• _Task brief_: A faithful, word-for-word copy of the data below is required, without pictures.

[Given data]

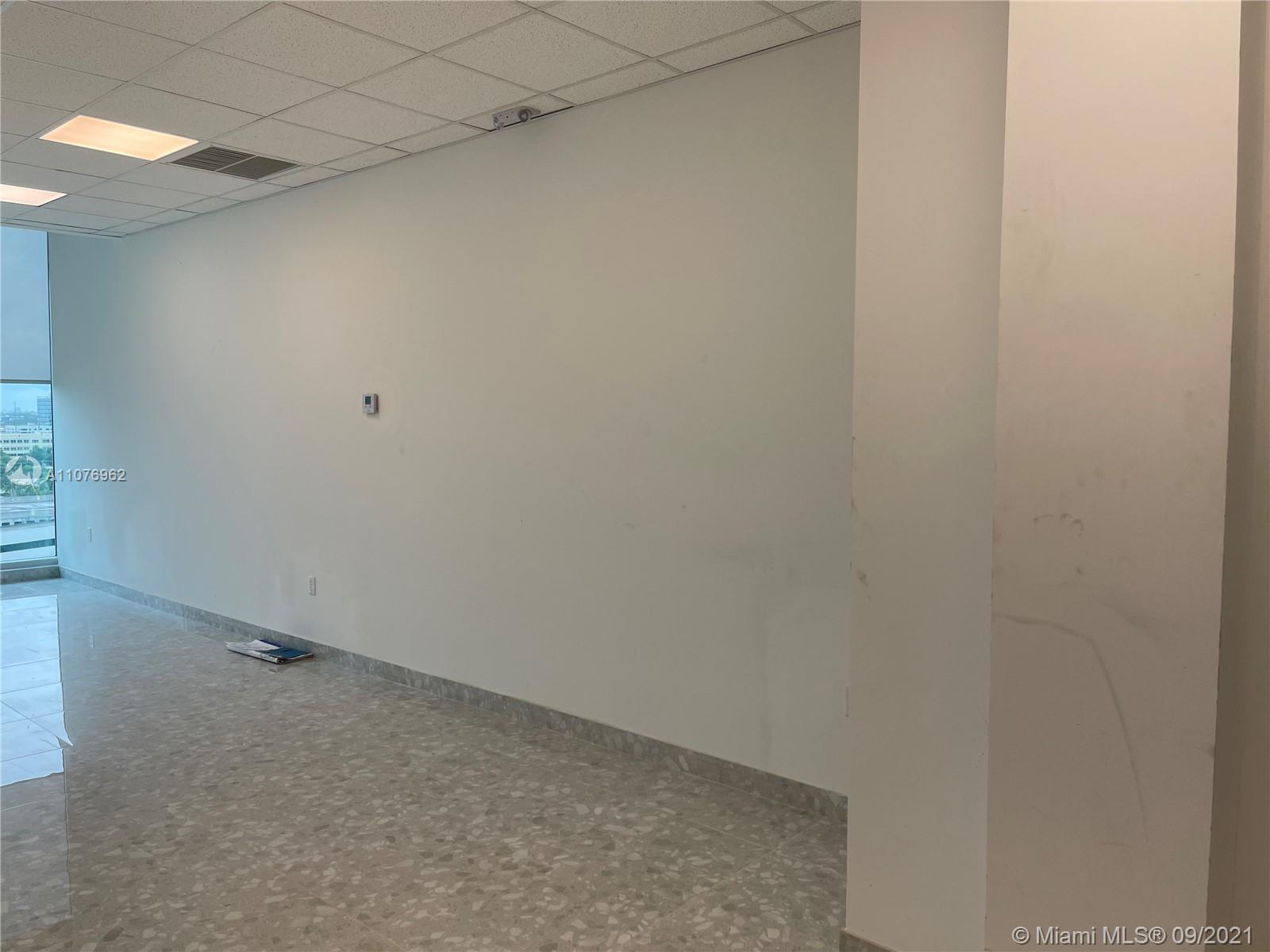 2820 NE 214 Street Unit: 1003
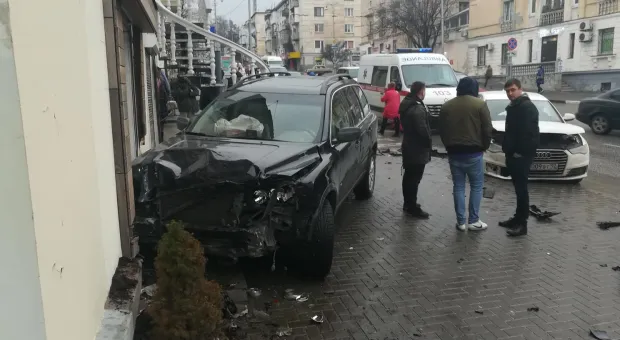 В Севастополе автомобиль протаранил двери магазина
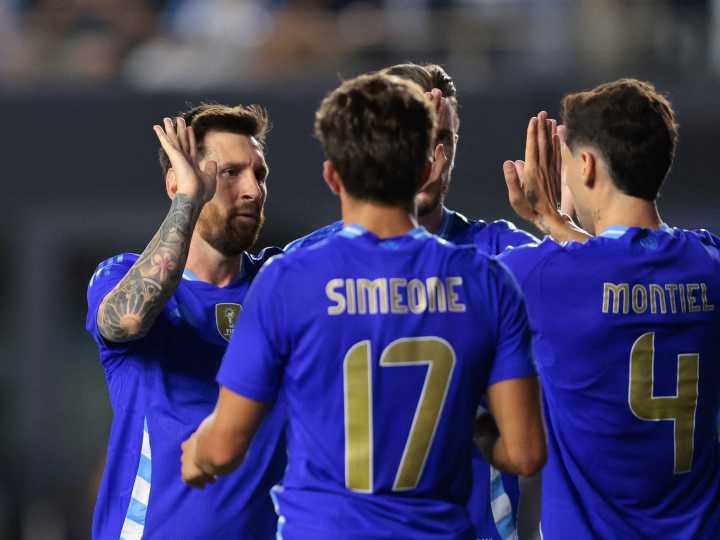 Ranking FIFA: Argentina pasó a Francia, España es líder y Alemania se mete como cabeza de serie para el sorteo del Mundial 2026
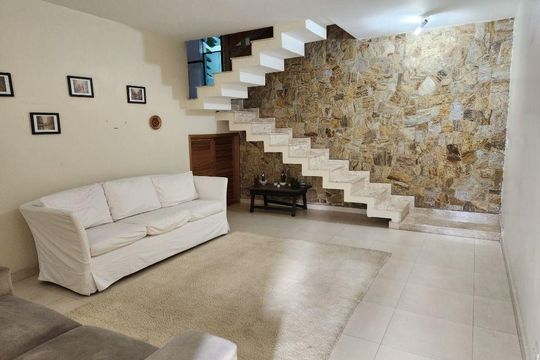 Casa à venda com 4 quartos, 298m² em Vila Rosalia, Guarulhos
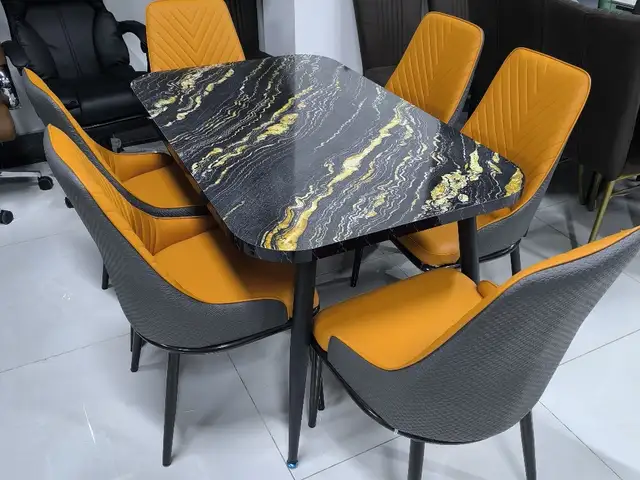 Столы, стулья, Душанбе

[/Given data]

• _Result of the task_:
 2820 NE 214 Street Unit: 1003
 В Севастополе автомобиль протаранил двери магазина
 Ranking FIFA: Argentina pasó a Francia, España es líder y Alemania se mete como cabeza de serie para el sorteo del Mundial 2026
 Casa à venda com 4 quartos, 298m² em Vila Rosalia, Guarulhos
 Столы, стулья, Душанбе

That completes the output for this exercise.